# Cell-Free Genomics: FASTQ preparation and alignment for genomic DNA samples

#### Ruby Froom, Campbell/Darst and Rock labs at Rockefeller University

The following pipeline processes raw FASTQ files, maps reads, and extracts R2 reads for the relevant genome from genomic DNA samples, to serve as a 'blacklist' sample for TTS calling from RNA 3' end datasets.

## Modules and functions

In [2]:
import subprocess, time
import pandas as pd
import numpy as np
import regex
import pysam
import csv
from Bio.Seq import Seq
from Bio import SeqIO
from os.path import exists
from Bio import SeqRecord
import scipy

In [3]:
# written by Peter Culviner, PhD to enable command-line access through Jupyter
def quickshell(command, print_output=True, output_path=None, return_output=False):
    process_output = subprocess.run(command, shell=True, stdout=subprocess.PIPE, stderr=subprocess.PIPE)
    stdout = process_output.stdout.decode('utf-8')
    stderr = process_output.stderr.decode('utf-8')
    output_string = f'STDOUT:\n{stdout}\nSTDERR:\n{stderr}\n'
    if print_output:
        print('$ ' + command)
        print(output_string)
    if output_path is not None:
        with open(output_path, 'w') as f:
            f.write(output_string)
    if return_output:
        return stdout, stderr

## Initializing inputs and settings

Inputs for directory creation and pointing to files. 

The starting requirements for this pipeline are:
>**main_path**: the absolute path of the working directory.
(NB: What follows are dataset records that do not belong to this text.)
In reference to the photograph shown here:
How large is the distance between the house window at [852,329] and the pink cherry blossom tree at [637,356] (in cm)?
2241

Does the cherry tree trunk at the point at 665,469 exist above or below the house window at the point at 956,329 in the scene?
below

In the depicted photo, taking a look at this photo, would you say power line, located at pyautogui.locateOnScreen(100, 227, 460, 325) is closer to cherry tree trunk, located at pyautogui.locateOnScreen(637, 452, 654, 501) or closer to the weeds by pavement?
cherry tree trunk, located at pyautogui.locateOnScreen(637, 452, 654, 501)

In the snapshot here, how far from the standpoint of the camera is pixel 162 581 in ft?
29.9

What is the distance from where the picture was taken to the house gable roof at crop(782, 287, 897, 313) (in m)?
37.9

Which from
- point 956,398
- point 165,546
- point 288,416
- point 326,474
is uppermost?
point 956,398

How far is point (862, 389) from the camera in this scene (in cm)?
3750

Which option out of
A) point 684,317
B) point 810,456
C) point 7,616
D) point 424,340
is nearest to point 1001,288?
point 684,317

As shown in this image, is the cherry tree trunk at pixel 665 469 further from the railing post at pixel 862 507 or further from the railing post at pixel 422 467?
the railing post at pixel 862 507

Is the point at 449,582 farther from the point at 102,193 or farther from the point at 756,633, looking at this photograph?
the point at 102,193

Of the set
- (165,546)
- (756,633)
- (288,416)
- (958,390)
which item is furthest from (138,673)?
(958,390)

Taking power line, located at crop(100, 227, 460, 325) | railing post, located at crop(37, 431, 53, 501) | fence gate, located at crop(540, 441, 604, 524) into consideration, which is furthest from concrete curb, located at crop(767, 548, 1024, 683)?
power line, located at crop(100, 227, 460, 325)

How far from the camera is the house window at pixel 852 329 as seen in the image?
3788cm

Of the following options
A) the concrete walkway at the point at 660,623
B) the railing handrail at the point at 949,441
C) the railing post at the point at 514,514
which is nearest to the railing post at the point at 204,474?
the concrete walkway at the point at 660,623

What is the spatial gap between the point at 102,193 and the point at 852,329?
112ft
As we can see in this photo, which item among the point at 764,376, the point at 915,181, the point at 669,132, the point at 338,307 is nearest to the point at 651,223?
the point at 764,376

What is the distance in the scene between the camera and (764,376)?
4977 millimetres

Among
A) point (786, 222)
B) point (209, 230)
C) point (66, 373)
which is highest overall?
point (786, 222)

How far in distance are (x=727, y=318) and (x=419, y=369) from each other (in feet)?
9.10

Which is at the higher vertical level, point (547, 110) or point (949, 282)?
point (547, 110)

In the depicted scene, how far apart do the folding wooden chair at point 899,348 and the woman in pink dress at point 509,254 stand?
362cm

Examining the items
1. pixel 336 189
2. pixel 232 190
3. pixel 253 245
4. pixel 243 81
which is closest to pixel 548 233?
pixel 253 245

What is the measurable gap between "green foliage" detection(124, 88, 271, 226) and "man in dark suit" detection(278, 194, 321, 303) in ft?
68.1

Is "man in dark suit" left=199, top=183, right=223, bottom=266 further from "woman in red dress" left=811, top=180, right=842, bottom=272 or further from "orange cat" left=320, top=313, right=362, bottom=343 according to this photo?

Update to reflect your own configuration.

>**input_csv_dir:** a directory containing `i7_sample_file` csv called `input_csv_files`.
>>**i7_sample_file**: Used to identify fastq files to split from. Assumes we're working with fastqs that have already been split by Illumina's i7 indexes. Minimally should have columns:
>>>**r1**: read 1 fastq, no inline barcode, template starts from first base.

>>>**r2**: read 2 fastq, this one is assumed to have the inline barcode starting from the first base.

>>>**i7**: number to designate this fastq, used internally by the code and used to designate in which unsplit fastq files final samples exist. minimally, each fastq pair should have a unique number.

>>>**title**: used internally for pool names during splitting, unique but the name itself is not important.


>**genome_dir:** a directory containing reference genome(s) for read mapping. Here, called `genome_files_misc`.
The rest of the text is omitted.